The work was published Aug. 12 in the International Journal of Climatology in an article titled “Creating a topoclimatic daily air temperature dataset for the conterminous United States using homogenized station data and remotely sensed land skin temperature.”

Collaborating with UM faculty co-authors Ashley Ballantyne, Kelsey Jencso, Michael Sweet and Steve Running, Oyler provided a new climate dataset for ecological and hydrological research and natural resource management.

“I think we have addressed several limitations of existing temperature datasets,” Oyler said.

He used data from weather stations, as well as atmospheric weather model data and satellite-based observations, to come up with daily temperature estimates from 1948 to 2012 for every square kilometer in the contiguous United States.
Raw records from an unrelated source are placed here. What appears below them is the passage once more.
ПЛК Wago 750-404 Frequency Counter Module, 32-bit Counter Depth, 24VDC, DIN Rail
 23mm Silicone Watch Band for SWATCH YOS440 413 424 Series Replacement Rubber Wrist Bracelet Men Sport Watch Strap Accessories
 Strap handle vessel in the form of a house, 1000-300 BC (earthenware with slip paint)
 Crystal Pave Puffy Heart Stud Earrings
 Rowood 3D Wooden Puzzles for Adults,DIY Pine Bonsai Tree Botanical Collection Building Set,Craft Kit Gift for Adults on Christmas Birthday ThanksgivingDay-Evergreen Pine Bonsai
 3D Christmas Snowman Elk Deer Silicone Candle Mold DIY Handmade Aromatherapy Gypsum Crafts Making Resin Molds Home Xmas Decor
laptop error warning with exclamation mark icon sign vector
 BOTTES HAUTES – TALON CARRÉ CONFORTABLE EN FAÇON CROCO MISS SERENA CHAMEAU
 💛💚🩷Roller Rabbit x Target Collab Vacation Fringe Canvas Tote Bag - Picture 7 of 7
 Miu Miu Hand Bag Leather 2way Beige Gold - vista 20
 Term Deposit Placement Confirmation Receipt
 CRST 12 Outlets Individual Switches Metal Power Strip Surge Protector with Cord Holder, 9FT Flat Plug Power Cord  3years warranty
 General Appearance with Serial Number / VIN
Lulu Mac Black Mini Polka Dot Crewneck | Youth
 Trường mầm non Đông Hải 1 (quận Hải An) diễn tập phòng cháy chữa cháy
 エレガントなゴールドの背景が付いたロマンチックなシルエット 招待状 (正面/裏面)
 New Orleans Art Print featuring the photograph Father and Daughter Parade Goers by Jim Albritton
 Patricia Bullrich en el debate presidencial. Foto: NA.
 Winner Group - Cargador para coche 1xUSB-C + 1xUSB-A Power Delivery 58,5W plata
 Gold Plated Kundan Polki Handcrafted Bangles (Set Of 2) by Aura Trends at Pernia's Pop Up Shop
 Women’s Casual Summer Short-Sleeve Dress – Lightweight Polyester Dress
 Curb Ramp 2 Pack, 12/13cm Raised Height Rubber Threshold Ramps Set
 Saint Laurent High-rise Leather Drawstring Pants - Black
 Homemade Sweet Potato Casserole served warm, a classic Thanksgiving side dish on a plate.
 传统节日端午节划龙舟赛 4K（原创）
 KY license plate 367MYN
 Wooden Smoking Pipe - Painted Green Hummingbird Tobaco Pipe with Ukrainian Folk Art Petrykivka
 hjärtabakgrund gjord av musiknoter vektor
Many existing datasets generally assume that temperatures are cooler at higher elevations. However, inversions often cause the reverse. For example, on a calm winter day or summer night in Missoula, the air may be warmer on Mount Sentinel than in the valley. Oyler’s dataset addresses the oddities of inversions by combining weather station data with fine scale satellite-based observations of the land surface.

Accurate, spatially based estimates of historical air temperature within mountainous areas are critical as scientists and land managers look at temperature-driven changes to vegetation, wildlife habitat, wildfire and snowpack.

Additionally, the dataset is the first fine-scale work to correct for artificial trends within weather station data caused by changes in equipment or weather station locations. It also is the first to provide direct estimates of uncertainty and to provide open-source code.

“As an open-source dataset, researchers can easily access and use the data and understand its strengths and limitations and improve it themselves,” Oyler said.

The research was funded by the U.S. Geological Survey North Central Climate Science Center and the National Science Foundation’s Experimental Program to Stimulate Competitive Research.